In Field of Glory II, I found that a late English army works well against these. I did pretty poorly using knightly armies against Seleucids and their infantry gets completely rolled by falangites while the knights Rely too much on RNG for my taste.
>builds a ramp to your impenetrable fortress
What now?
Gather our most cowardly soldiers and make them slick the ramp with their nervous liquid shit
Jesus how horrifying. Did no one stop them from building a hihgway in front of their noses?
who can exactly stop them
Them.
The city that they're sieging?
The israelites inside the fortress actually comitted sudoku when they saw they had no chance.
That was one narrative of a israeli historian but some archeologists found out that some if not more still fought but it didn't matter because Romans were fricking furious. The suicide angle was made to make the israeli rebels look more heroic.

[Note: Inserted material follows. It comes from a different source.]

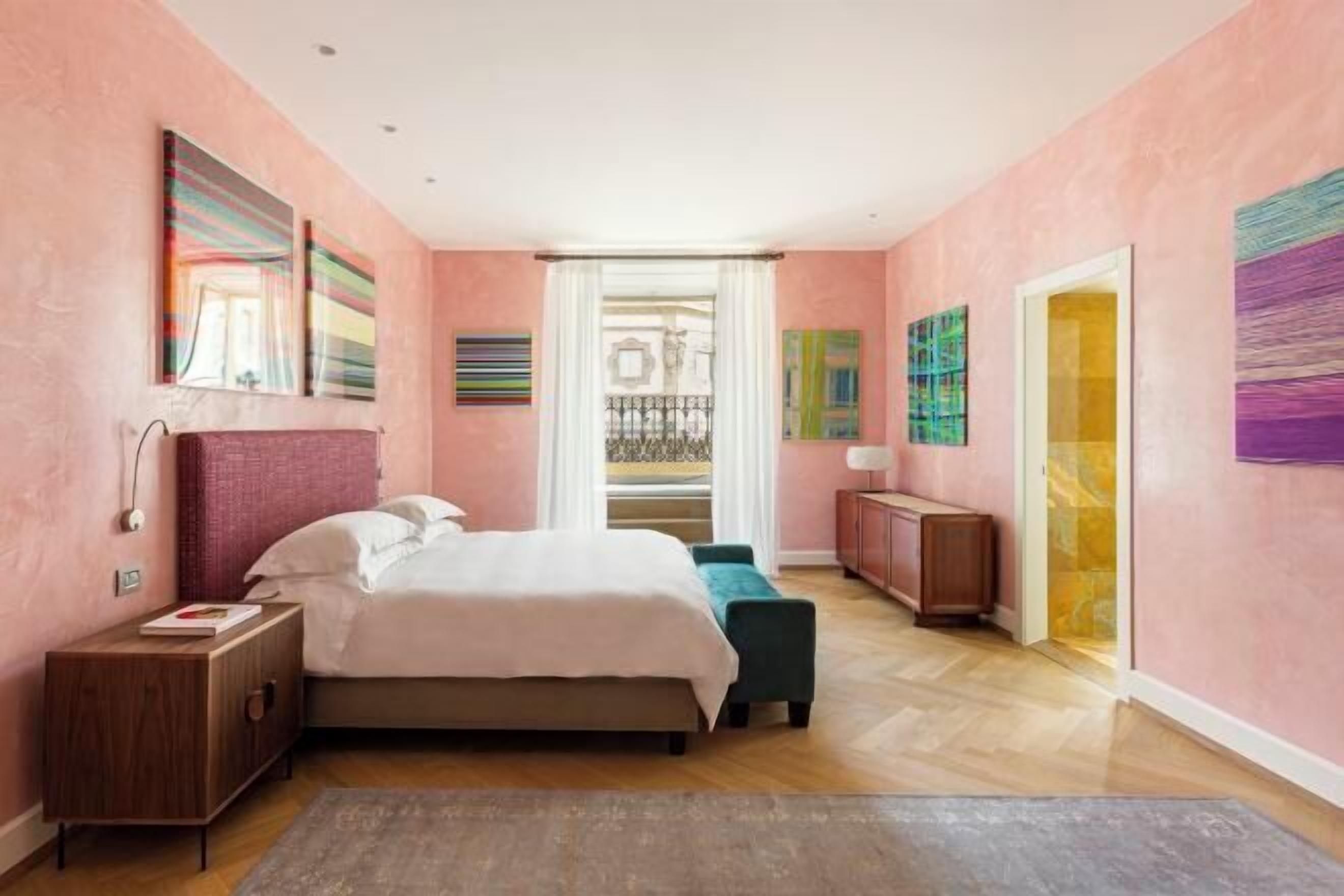 Premium bedding, down duvets, minibar, in-room safe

That ramp took about three years to build with Romans taking great care to surround the entire place as it was the last place all the rebels gathered. So unless the israelites can magically fly out of there, they aren't going anywhere since Romans issued to kill them all on-sight.
>three years
Two months*
They built the ramp during the israeli revolt, so the phrase would be right under their noses.
>Me in the middle of the formation letting out the nastiest stinkiest fart
So to close it out, Caesar defeating Pompey is one of the best examples on how logistics doesn't exactly win you wars since the latter was a master at it.